Les femmes atteintes de diabète de type 1 qui tombent enceintes présentent un risque accru de complications pour elles-mêmes et pour leur bébé. Une nouvelle étude confirme l’efficacité de la surveillance continue de la glycémie pour réduire certains de ces risques, tout en soulignant la nécessité de poursuivre les recherches sur des technologies encore plus avancées.
Les grossesses compliquées par un diabète de type 1 sont associées à une augmentation significative de la morbidité et de la mortalité, tant pour la mère que pour le fœtus. On observe notamment des taux plus élevés d’accouchements par césarienne, de prééclampsie (hypertension artérielle pendant la grossesse), d’accouchements prématurés (avant 37 semaines d’aménorrhée), ainsi que des bébés de poids supérieur à la normale pour leur âge gestationnel. Des décès maternels et fœtaux sont également plus fréquents.
L’hyperglycémie, ou taux de sucre élevé dans le sang, est un facteur de risque majeur. Heureusement, les progrès réalisés en matière de régime alimentaire, de traitements à l’insuline et de suivi de la glycémie – grâce aux mesures capillaires et aux capteurs – ont permis de contrôler plus efficacement les niveaux de glucose pendant la grossesse.
Une étude clinique randomisée, appelée CONCEPTT, menée auprès de 215 femmes enceintes diabétiques de type 1, a démontré les bénéfices de la surveillance continue de la glycémie (SCG) par rapport à la méthode traditionnelle des tests capillaires. Les résultats ont révélé une amélioration du temps passé par les mères dans la plage de glycémie cible (entre 63 et 140 mg/dL), ainsi qu’une réduction des complications néonatales. Plus précisément, le nombre de bébés présentant un poids important pour leur âge gestationnel a diminué (53 % avec la SCG contre 69 % avec le contrôle traditionnel ; P = 0,02), tout comme les cas d’hypoglycémie sévère chez les nouveau-nés (15 % contre 28 % ; P = 0,03) et les hospitalisations en unité de soins intensifs néonatals de plus de 24 heures (27 % contre 43 % ; P = 0,02).

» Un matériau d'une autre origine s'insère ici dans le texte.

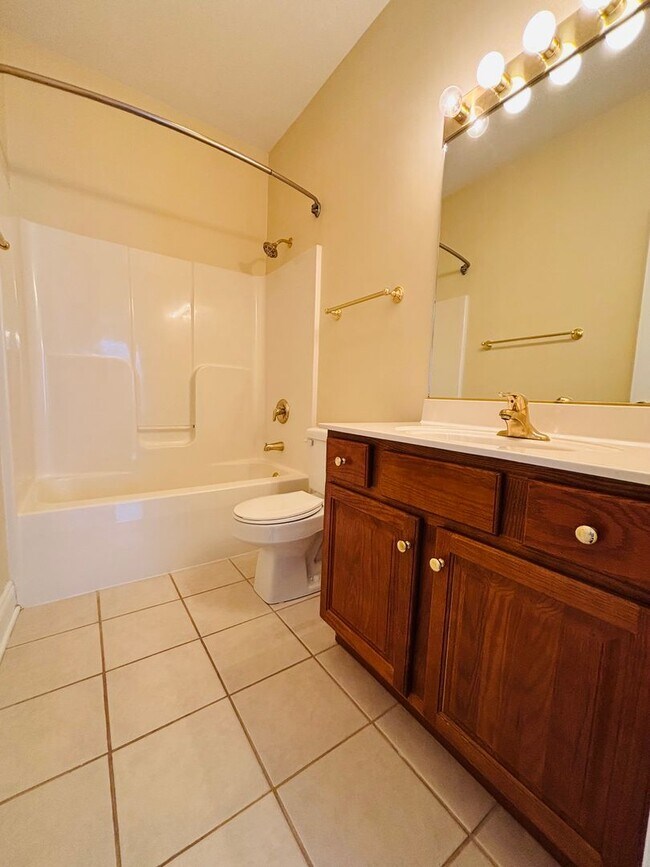 Building Photo - 1733 Lions Dr NW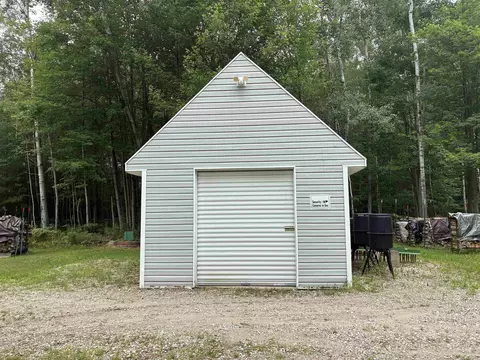 Exterior - 1871 W Youngs, Gladwin, MI 48624 photo 21 of 24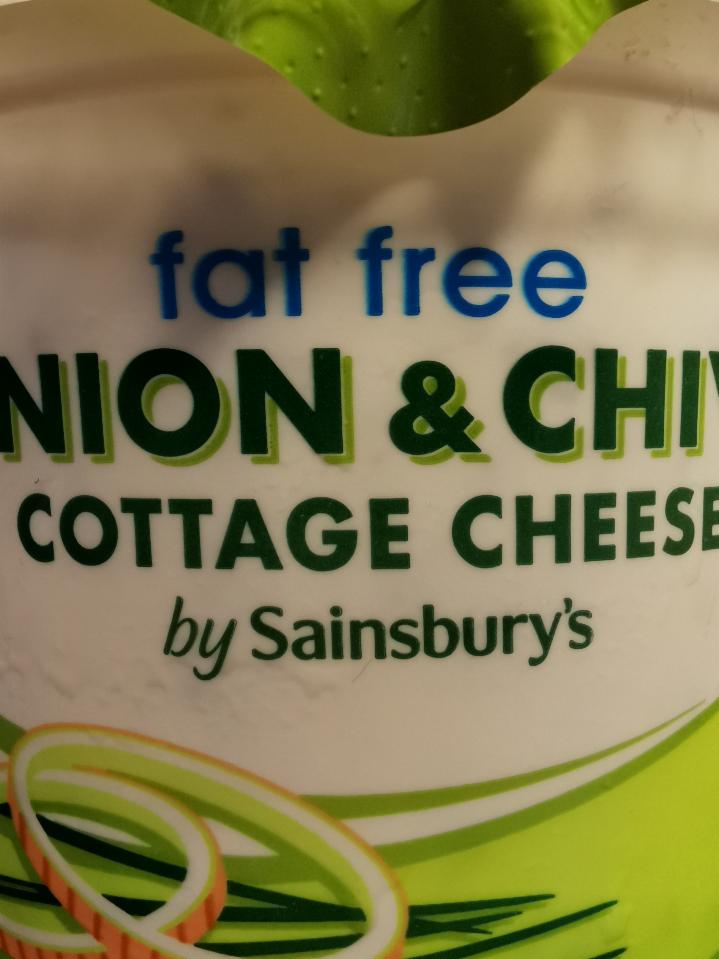Fotografie - Fat Free Onion & Chive Cottage Cheese by Sainsbury's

Cependant, l’étude CONCEPTT a également mis en évidence des taux élevés de morbidité maternelle et néonatale, notamment des troubles hypertensifs de la grossesse (18 %), des accouchements par césarienne (63 %) et des accouchements prématurés (38 %). Ces observations ont suscité un intérêt croissant pour l’exploration de technologies encore plus avancées, telles que l’administration automatisée d’insuline.
L’administration automatisée d’insuline, parfois appelée « thérapie en boucle fermée », combine la surveillance continue de la glycémie, une pompe à insuline et un algorithme qui ajuste automatiquement les doses d’insuline. Bien que la plupart des systèmes actuellement disponibles soient en réalité des systèmes « hybrides en boucle fermée » – nécessitant une indication manuelle de la quantité de glucides consommés lors des repas – ils pourraient permettre de réduire davantage les fluctuations de la glycémie maternelle et d’améliorer les résultats des grossesses chez les femmes atteintes de diabète de type 1.